## EXERCISE GOAL
Below is a listing. Quote from it, exactly, the lines from the one containing "保时捷女司机的道歉到底证明什么,保时捷女司机最后怎么了" down to the one containing "NEO TOOLS Szerszámkészlet", both ends included, and nothing else.

## SOURCE RECORDS
== == ==

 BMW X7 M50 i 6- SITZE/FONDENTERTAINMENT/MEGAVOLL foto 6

== == ==

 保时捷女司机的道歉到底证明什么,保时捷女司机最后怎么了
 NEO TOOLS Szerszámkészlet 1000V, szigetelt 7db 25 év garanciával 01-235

== == ==

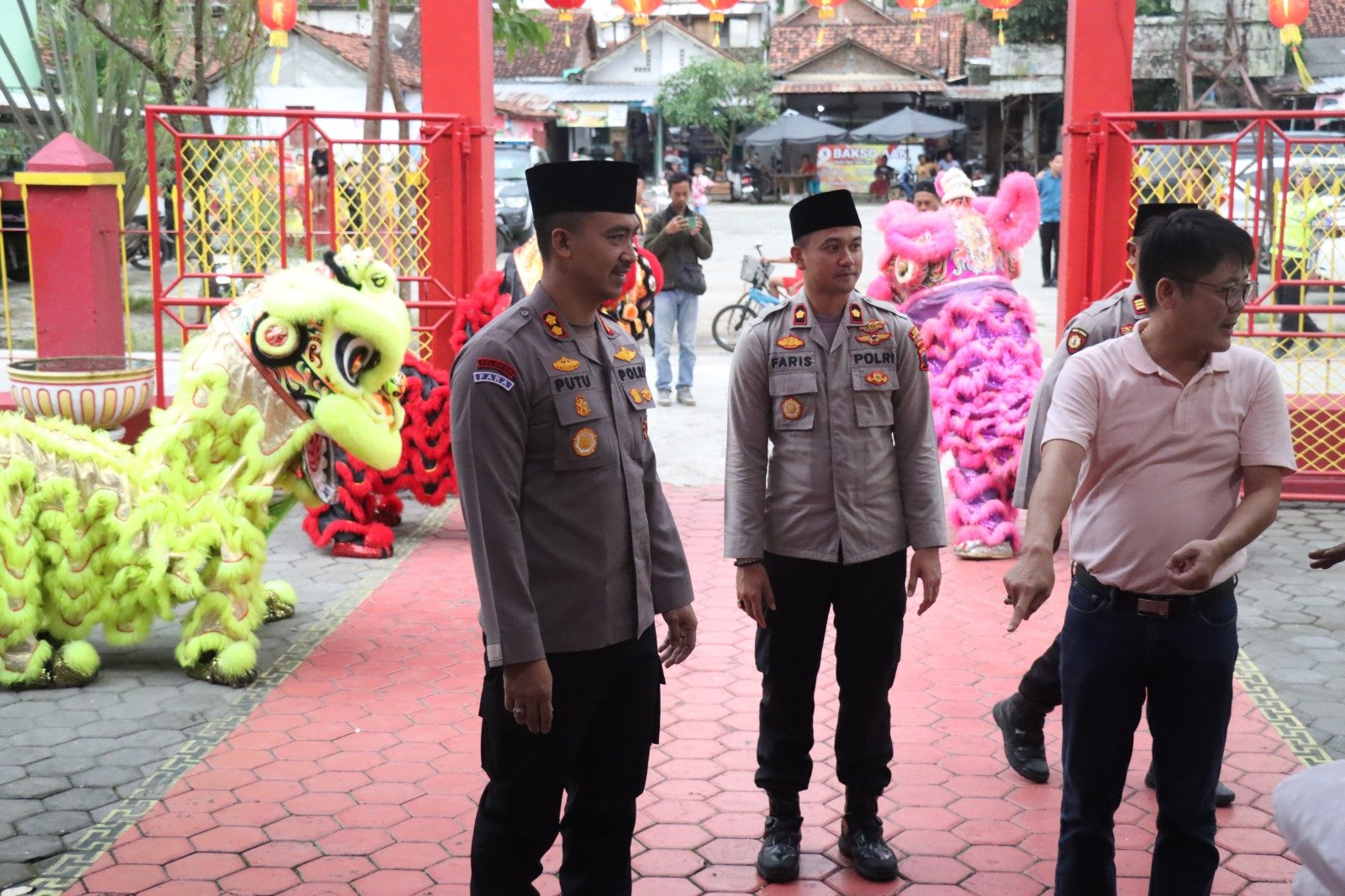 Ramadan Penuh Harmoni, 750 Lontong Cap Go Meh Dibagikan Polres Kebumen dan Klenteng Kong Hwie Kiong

== == ==

## WORKED SOLUTION
 保时捷女司机的道歉到底证明什么,保时捷女司机最后怎么了
 NEO TOOLS Szerszámkészlet 1000V, szigetelt 7db 25 év garanciával 01-235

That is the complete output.